Supplied material
━━━━

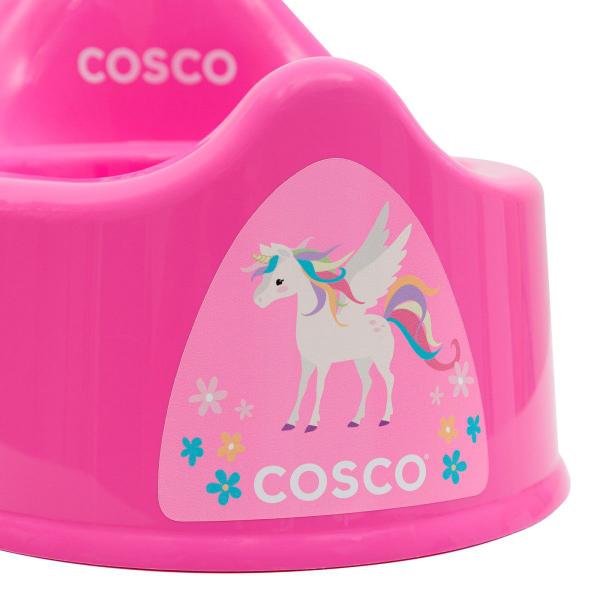 Imagem de Troninho Infantil Cosco Kids Rosa Penico Portatil Sanny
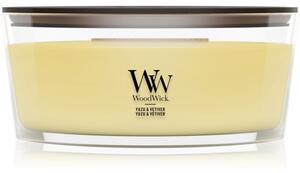 Woodwick Yuzu & Vetiver candela profumata con stoppino in legno 453.6 g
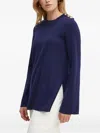 Luisa Spagnoli Button-detail Sweater In Blue
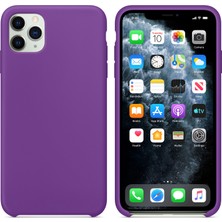 Microsonic Apple iPhone 11 Pro Max Kılıf Liquid Lansman Silikon Mor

━━━━

Please set down the lines above word for word and leave out the pictures.

 Imagem de Troninho Infantil Cosco Kids Rosa Penico Portatil Sanny
 Woodwick Yuzu & Vetiver candela profumata con stoppino in legno 453.6 g
 Luisa Spagnoli Button-detail Sweater In Blue
 Microsonic Apple iPhone 11 Pro Max Kılıf Liquid Lansman Silikon Mor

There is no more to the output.